Retratos del más allá (Shutter) se centra sobre todo en el personaje de Jane, una mujer que se acaba de casar y que se marcha al Japón con el hombre al que ama. Jane es una persona normal y corriente que no espera tener un encuentro con lo sobrenatural en su nueva vida. Japón es un país maravilloso y Jane se siente pronto fascinada por su nuevo hogar, pero una sombra del pasado va a terminar con su felicidad. La aparición de unas formas luminosas en las fotos de ella y de su marido solo tendrá una respuesta en el mundo de lo misterioso. La presencia de supuestos fantasmas en las fotografías es algo muy antiguo. Desde que se invento la fotografía en el siglo XIXhan aparecido fotografías con figuras que no deberían estar allí. Rostros, sombras, figuras luminosas etc.…, que los dueños de las fotografías contemplan sin entender que es lo que ha podido pasar. Los estudiosos de lo paranormal recorren el mundo buscando estas fotografías y tratando de distinguir entre las fraudulentas y las que podrían ser verdad. Hoy en día se puede hacer un montaje con un ordenador personal y se consigue una fotografía falsa pero hay otros casos donde nos encontramos con fotografías inquietantes y misteriosas que no tienen explicación científica. Retratos del mas allá (Shutter) nos habla de este extraño fenómeno y de cómo la fotografía puede ser el vehiculo de una venganza desde el Más Allá.
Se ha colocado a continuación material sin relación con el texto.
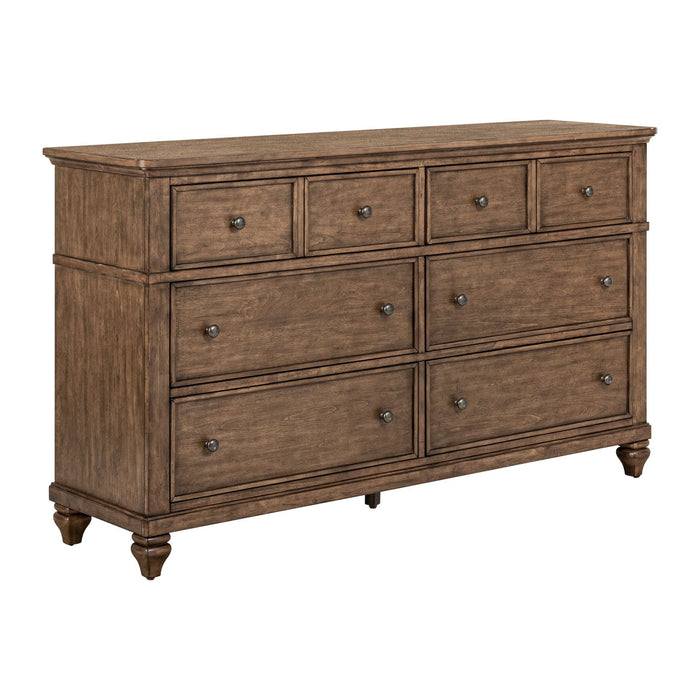 Twin Lakes 6 Drawer Dresser - Red Gate Home Furnishings (Ball Ground, GA)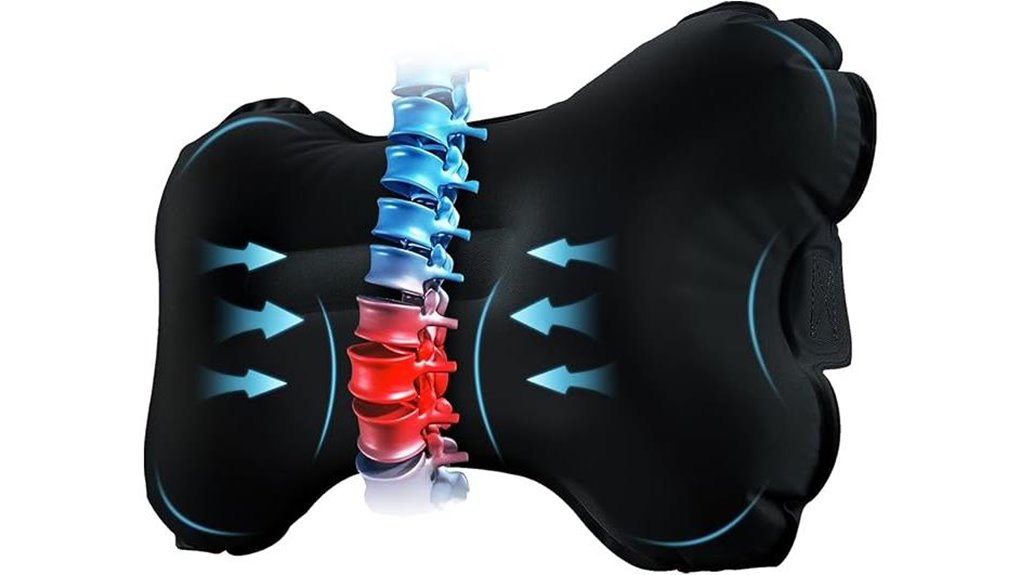 Top Compact Posture Cushions for Travel & Work 7 mixtrend inflatable travel pillow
Retratos del más allá (Shutter) es una entretenida película que explota el miedo que el hombre siente hacia lo desconocido. Las historias de fantasmas existen desde el principio de los tiempos. Ni siquiera estos tiempos tan tecnificados han podido librarse de las apariciones de estos seres venidos del Más Allá. Esto ha sido comprendido perfectamente por los directores de cine asiático de terror que hacen moverse a sus espíritus por todo tipo de elementos cotidianos de nuestra vida. El teléfono, los ordenadores, la televisión y en esta película la fotografía se han convertido en los nuevos caminos que los fantasmas utilizan para atemorizarnos.
Retratos del más allá (Shutter) nos cuenta como una presencia del mundo de los espíritus puede aparecer en nuestras vidas para avisarnos o atormentarnos por un oscuro suceso del pasado. Este fantasma furioso no parara hasta que los hechos ocultos del pasado salgan a la luz para horror de Jane que ve como su mundo se derrumba. Cuando esto ocurre la venganza del fantasma se cumplirá y su ira habrá destruido a todos los implicados en su sufrimiento. La película muestra de manera muy acertada la desintegración del matrimonio formado por Ben y Jane. Los actores están correctos en sus respectivos papeles aunque destaca la australiana Rachael Taylor en el personaje de Jane. La atmósfera de la película está conseguida y algunos sustos son muy efectivos, como son las apariciones del fantasmaa un aterrorizado Ben. No podemos olvidar que la película es un remake que sigue fielmente lo que se contaba en el original pero la película es muy entretenida y se deja ver.